Kyle Shonak serves as Gordon Brothers’ chief transaction officer for North America, leading strategy and cross-functional collaboration to maximize asset value. With nearly 25 years of experience in growth and wind-down transactions, he works with management teams, private equity sponsors and asset-based lenders to provide capital and guidance in high-stakes situations.
Much of Shonak’s career has centered on special assets and workouts, beginning during the 2007–2009 financial crisis. Since then, he’s led engagements with distressed borrowers across asset classes, often playing a lead or fulcrum role. These situations have demanded creativity and the ability to navigate complexity with third-party partners to deliver the best possible outcomes.

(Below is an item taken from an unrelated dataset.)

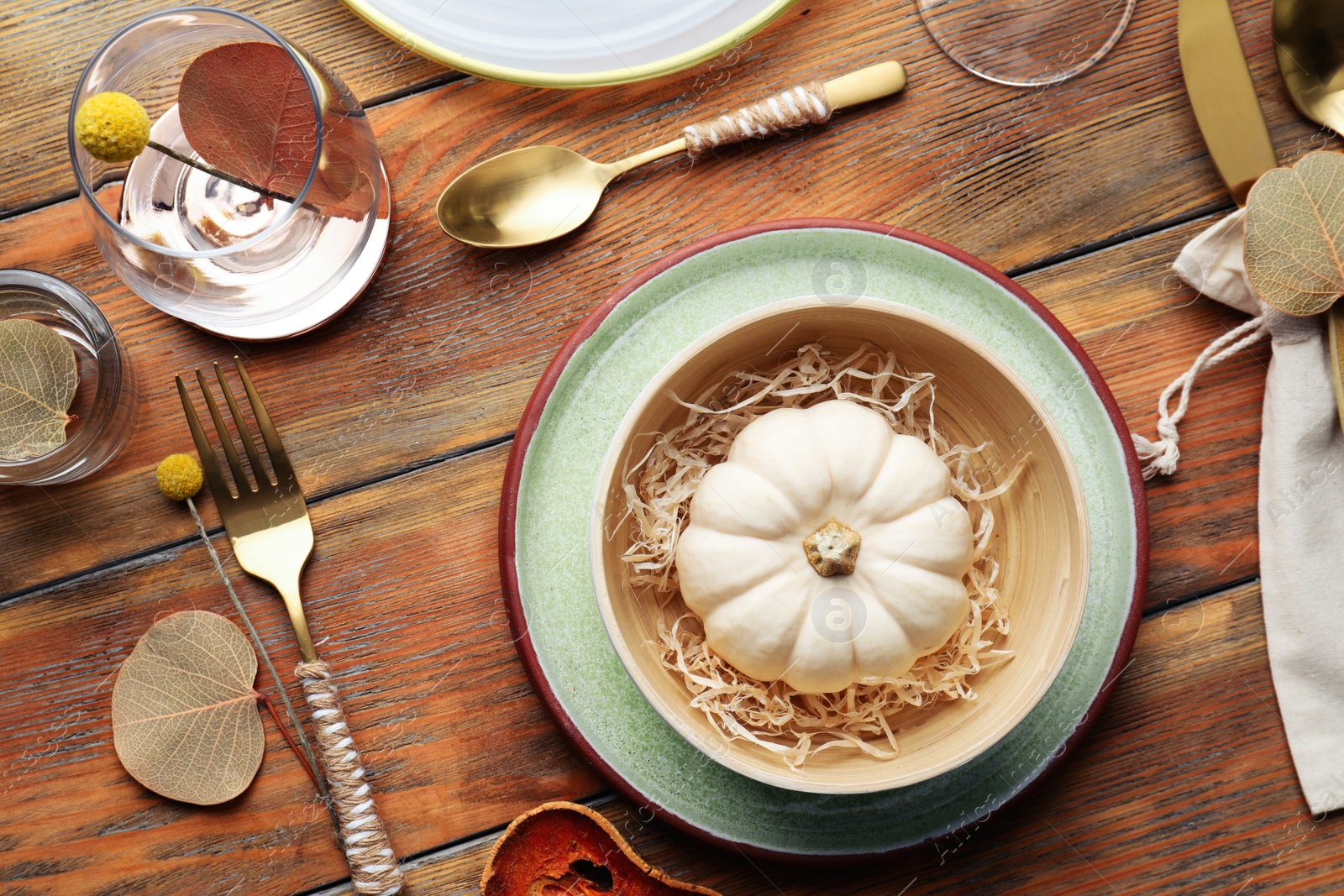 Photo of Autumn table setting with pumpkin and decor on wooden background, flat lay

Shonak’s back-end experience has taught him what makes or breaks a deal. In a recent transaction with Big Lots, Shonak leveraged Gordon Brothers’ full platform — capital, store closings, inventory procurement, brand management and real estate — to preserve going-concern value in bankruptcy. By structuring a flexible bid, he adapted quickly to shifting conditions under tight deadlines.
Shonak is clear-eyed about the nature of dealmaking: “Time is not your friend; it will kill a deal. The only certainty is change, and no deal is a straight line.” He builds flexible deal structures that account for competing interests and potential disconnects — whether personal, organizational or external.
Shonak has seen companies face liquidation because of a “that can’t be done” mindset. For him, that phrase is fuel to push forward. Dealmaking, he believes, is a practice refined through repetition. Each deal — win or lose — offers insight.
Shonak’s advice to future rainmakers is direct: expect the unexpected and trust yourself. The toughest deals often bring the most growth. Even failed deals are valuable, because what you learn shapes how you win the next one.